Image fixe issue de la simulation,montrant la distribution des gaz chauds (à gauche) comparée à l'image radiographique eROSITA du système Abell 3391/95 (à droite). Crédit : Reiprich et al.Astronomie et astrophysique.

Et, si la théorie est correcte, les galaxies et les amas sont tousaurait également dû être lié par les restes de ce gaz, comme une toile d'araignée. «On estime que plus de la moitié de toute la matière baryonique de notre univers est contenue dans ces filaments: c'est la forme de matière qui compose les étoiles et les planètes, tout comme nous», explique le professeur Dr. Thomas Reiprich de l'Institut Argelander d'astronomie de l'Université de Bonn. Cependant, ces fibres n'ont pas pu être observées plus tôt: en raison de l'énorme expansion, la substance qu'elles contiennent est diluée. Il ne contient que dix particules par mètre cube.

Cependant, avec un nouvel appareil de mesure,Avec le télescope spatial eROSITA, Reiprich et ses collègues ont pu voir le gaz en entier pour la première fois. «EROSITA dispose de détecteurs très sensibles pour le type de rayonnement X qui provient du gaz contenu dans les filaments», explique Reiprich. "Son grand champ de vision a également aidé: comme un objectif grand angle, il capture la majeure partie du ciel en une seule mesure à une très haute résolution." Cela vous permet d'obtenir des images détaillées d'objets énormes tels que des fibres en un temps relativement court.

Cette vue montre eROSITA (à droite ; à gauchesimulation à nouveau à titre de comparaison), de très faibles régions de gaz mince sont également visibles.

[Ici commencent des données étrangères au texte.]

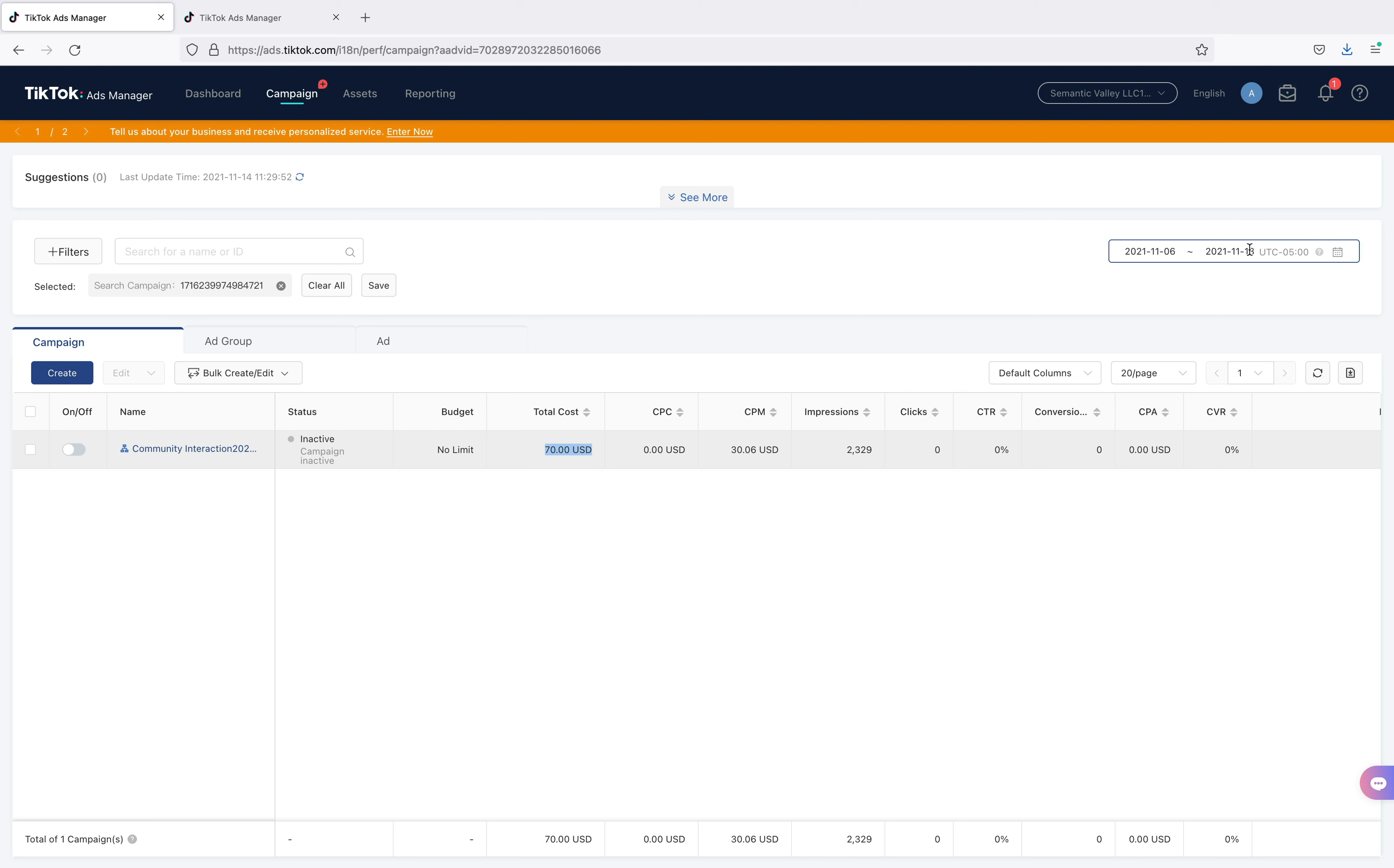But in any case, now you see exactly from A to Z what to do and how to do it, how to promote on TikTok and what to expect.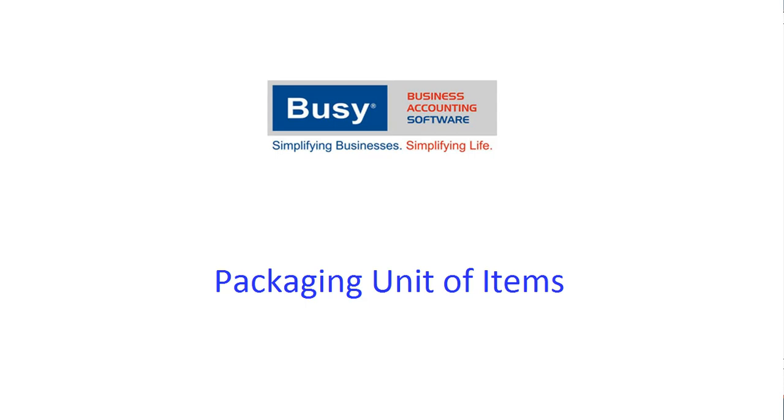This presentation will give you an overview on using packaging units of item feature in Busy. Packaging unit refers to the unit in which the goods are packed. For example,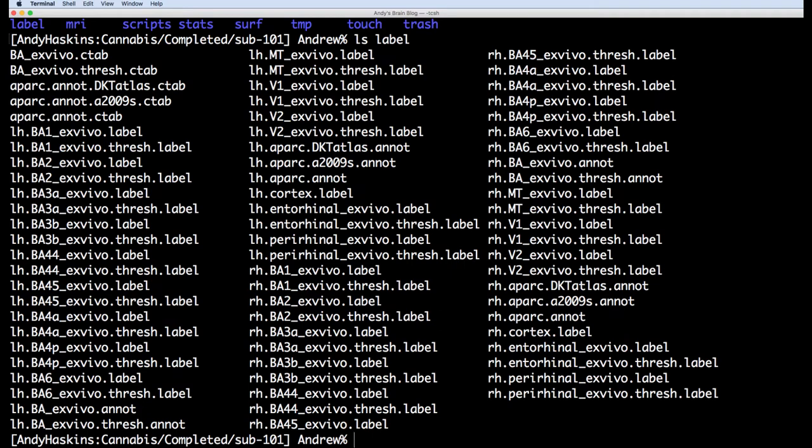Here's what's inside those first five directories. The label directory contains labels, which you can think of as regions of interest. This includes the atlas annotations for that subject.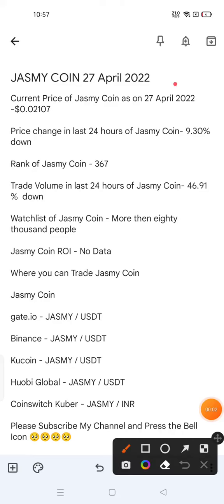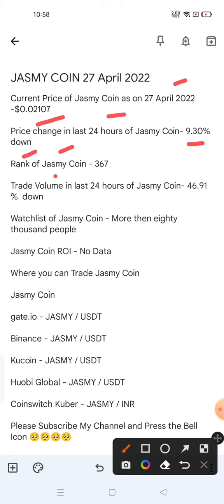April 2022 price chart. The current price of Jasmine Coin as of 27 April 2022 is $0.02107. The price change in the last 24 hours is 9.30% down. The rank of Jasmine Coin is 367 on CoinMarketCap. The trade volume in the last 24 hours is 46.91% down. More than 80,000 people have kept Jasmine Coin in a watchlist on CoinMarketCap.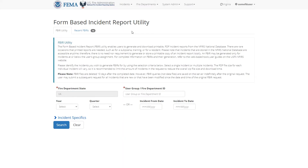Here you can search for incidents and then select the ones you want to export as a PDF. This search feature works pretty much the same as the main search incident feature in this application. We've already made a video about that, so you can check that out if you want to know all about how to search for incidents.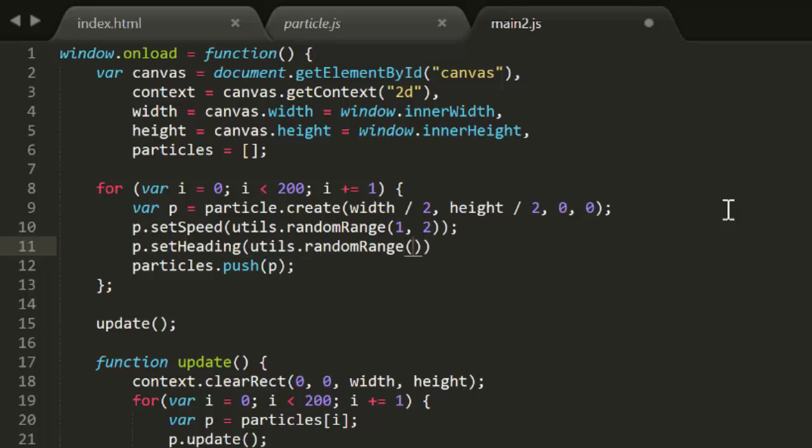We can do this using setSpeed and setHeading. So, after we make those changes, we retest it, and we have a much more realistic explosion.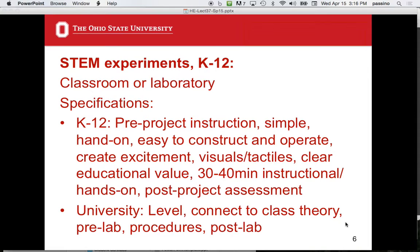Professor Anderson says 30 to 40 minutes instructional hands-on, and a post-project assessment discussion about what you might have learned. At the university level, a typical laboratory setting means picking the right level, connecting to class theory, doing a pre-lab, following lab procedures, doing a post-lab, turning it all in, and being graded.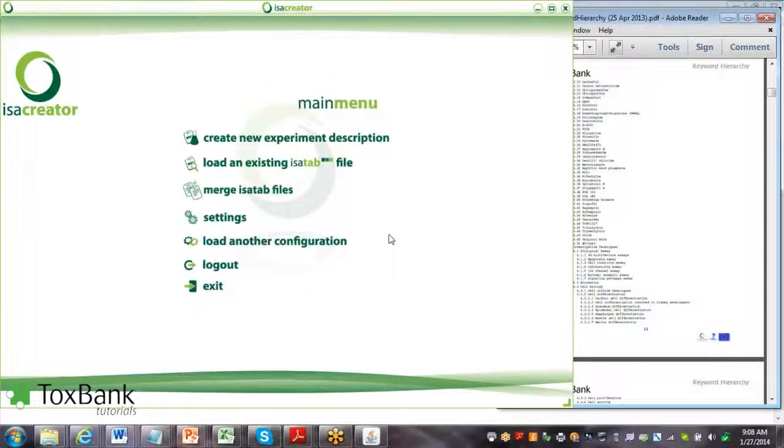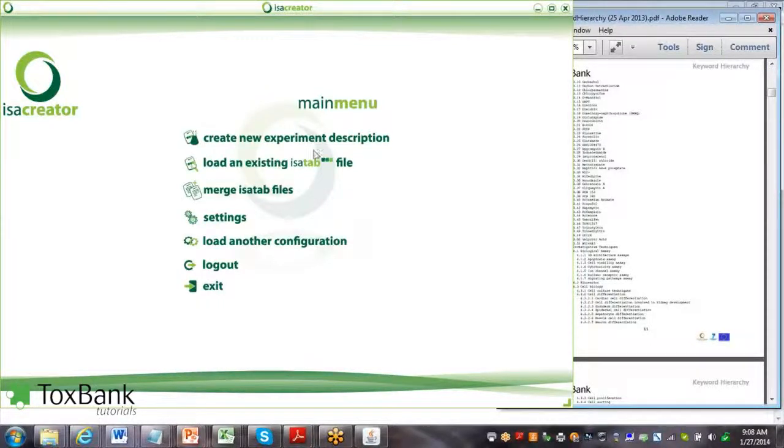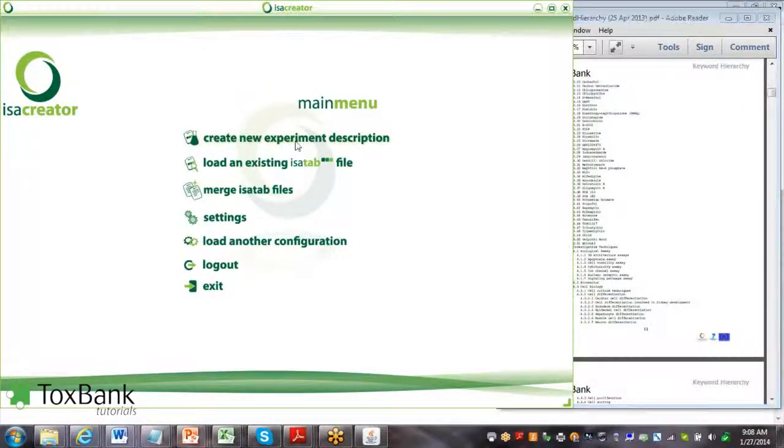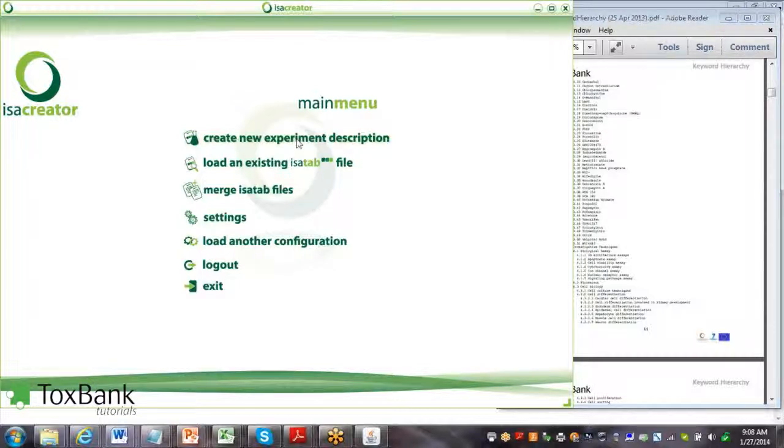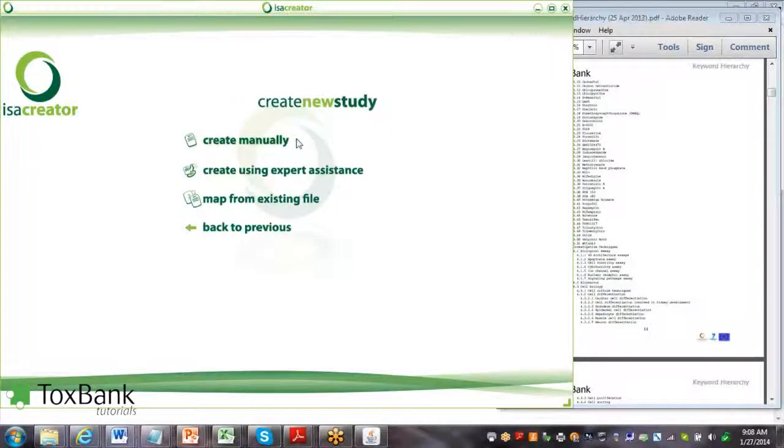The first step to manually creating an investigation is to select the first option, create new experiment description, and we'll create it manually.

Crédit : Gauche : Reiprich et al., Space Science Reviews, 177, 195 ; à droite : Reiprich et al.Astronomie et astrophysique.

Dans leur étude, les scientifiques ont examiné le célesteun objet nommé Abell 3391/95. C'est un système de trois amas de galaxies situés à environ 700 millions d'années-lumière. Les images EROSITA montrent non seulement des amas et de nombreuses galaxies individuelles, mais également des filaments de gaz reliant ces structures. Le filament entier mesure 50 millions d'années-lumière. Mais cela pourrait être encore plus grand: les scientifiques pensent que les images ne montrent qu'une partie de la fibre.

Image optique du système Abell 3391/95. Crédit : Reiprich et al.Astronomie et astrophysique.

« Nous avons comparé nos observations avec les résultatsdes simulations qui reconstituent l’évolution de l’Univers », explique Reiprich. — Les images eROSITA ressemblent étonnamment à l’infographie. Cela suggère que le modèle standard largement accepté de l’évolution de l’univers est correct.